To better understand the risk of getting sick from undercooked foods, its important to know a little about the mechanics of foodborne illnesses. They almost always fall into one of three categories:
- The first category is a non-invasive infection. This is when pathogens from the food get into your gut and continue living there, but without penetrating the lining. Tapeworms are typically non-invasive, as are certain kinds of bacteria, which may nevertheless secrete toxins that make you ill.
- The second variety of foodborne illness is an invasive infection. This occurs when pathogens migrate from the gut into the blood or other organs where they can wreak havoc and secrete toxins. Some delightful examples include the parasitic trichinella worm and many strains of bacteria including Salmonella enterica and Escherichia coli.

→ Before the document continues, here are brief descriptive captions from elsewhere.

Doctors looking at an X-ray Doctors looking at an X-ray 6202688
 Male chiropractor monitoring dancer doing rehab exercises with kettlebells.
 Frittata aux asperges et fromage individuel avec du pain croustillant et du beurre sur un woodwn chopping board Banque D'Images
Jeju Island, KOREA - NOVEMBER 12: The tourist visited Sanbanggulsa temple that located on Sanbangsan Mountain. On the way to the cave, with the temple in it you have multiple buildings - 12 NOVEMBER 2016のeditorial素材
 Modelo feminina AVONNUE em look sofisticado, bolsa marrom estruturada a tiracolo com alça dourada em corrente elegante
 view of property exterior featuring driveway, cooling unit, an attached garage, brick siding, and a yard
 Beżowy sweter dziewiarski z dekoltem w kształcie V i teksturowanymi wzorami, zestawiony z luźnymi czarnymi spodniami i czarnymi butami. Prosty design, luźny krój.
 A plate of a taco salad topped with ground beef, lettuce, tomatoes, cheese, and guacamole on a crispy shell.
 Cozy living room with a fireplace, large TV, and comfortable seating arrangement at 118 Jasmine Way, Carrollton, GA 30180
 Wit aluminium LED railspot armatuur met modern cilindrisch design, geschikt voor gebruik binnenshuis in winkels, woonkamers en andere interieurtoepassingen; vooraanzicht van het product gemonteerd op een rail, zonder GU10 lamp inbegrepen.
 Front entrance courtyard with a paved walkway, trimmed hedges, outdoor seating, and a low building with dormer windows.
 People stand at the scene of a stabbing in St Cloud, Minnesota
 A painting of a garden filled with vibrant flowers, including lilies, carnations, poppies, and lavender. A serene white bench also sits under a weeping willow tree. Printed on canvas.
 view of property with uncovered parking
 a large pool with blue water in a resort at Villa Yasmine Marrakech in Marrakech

- The third category is food poisoning. People sometimes apply this term broadly to any kind of foodborne illness, but food poisoning actually refers specifically to the poisoning of the body by toxins that bacteria have released inside the food before you eat it. Because these toxins are already present before you start cooking, food poisoning typically sets in quickly following a contaminated meal, whereas foodborne infections take a bit of time for bacteria to reproduce inside your body. Botulism, the biggest fear of home-canners everywhere, is one well-known example of food poisoning.
E. coli, the invasive infection responsible for the May 2009 outbreak, lives in the intestinal tracts of humans and other warm-blooded animals. Like other bacteria, E. coli are tiny, being about one-thousandth of a millimeter across and only two to three times that in length. It would take 1.5 trillion of these germs to balance a small paperclip. But what E. coli lacks in size, it makes up for in notoriety. Most E. coli strains are harmless, but one in particular, E. coli O157:H7, has become infamous for its role in foodborne outbreaks, including contaminated milk, ground beef, spinach, and alfalfa.
Another common source of invasive infection is salmonella, which, although it wasnt to blame in the 2009 cookie-dough outbreak, really is as dangerous as most people imagine. But here, too, confusion reigns over the true source of contamination. Salmonella bacteria do not live in chicken meat (muscle tissue), the source most commonly fingered as the culprit. Instead, the bacteria normally live in the intestinal tracts and feces of chickens and can contaminate the meat during slaughter and processing (except S. enterica, which can infect hen ovaries and contaminate intact eggs regardless of fecal contact). The poultry industry has made enormous strides in containing contamination, and chickens are far from alone in spreading the disease. In 2008, for instance, U.S. investigators traced a major outbreak of salmonella to tainted peanut butter and other peanut-containing foods.
Certain brands of raw cookie dough, which are labeled for raw consumption, such as cookie dough chunks in store-bought ice creams, are safe to eat raw. But even when safe handling practices are followed, eating homemade raw cookie dough, or store-bought cookie dough that is intended to be baked, will always carry some risk.
If you want to avoid a stomach acheor worsemuster all your willpower and wait for those cookies to emerge from the oven.
For more on the microbiology of food and food-related illness, check out our tips on Food52.com.
Is there a way to pasteurised a home made cookie dough, via sous vide, by holding it at a low temperature enough for it not to lose it’s gooey texture?
If a pasteurised egg product –such as EggBeaters—is used in making home cookie dough, it can virtually eliminate the risk of salmonella and e-coli.
If the coldest part of the cookie dough is held at 144F for 15 minutes Salmonella are reduced by 6.5D. This is a reduction by 99.9999684%
The same 6.5D reduction can be achieved by holding the (coldest) part of the dough 160F for less than a minute. This will effectively pasteurise the dough without the flour starch cooking (gelatinizing).
More information at the USDA Food Safety and Inspection Service’s web-site http://www.fsis.usda.gov/
Scott or his editor might want to take a closer look at the language in this post – I think you mean “secrete” and not “secret” in the first two bullet points.
Thanks for pointing that out, Shelly. We’ve fixed the typos.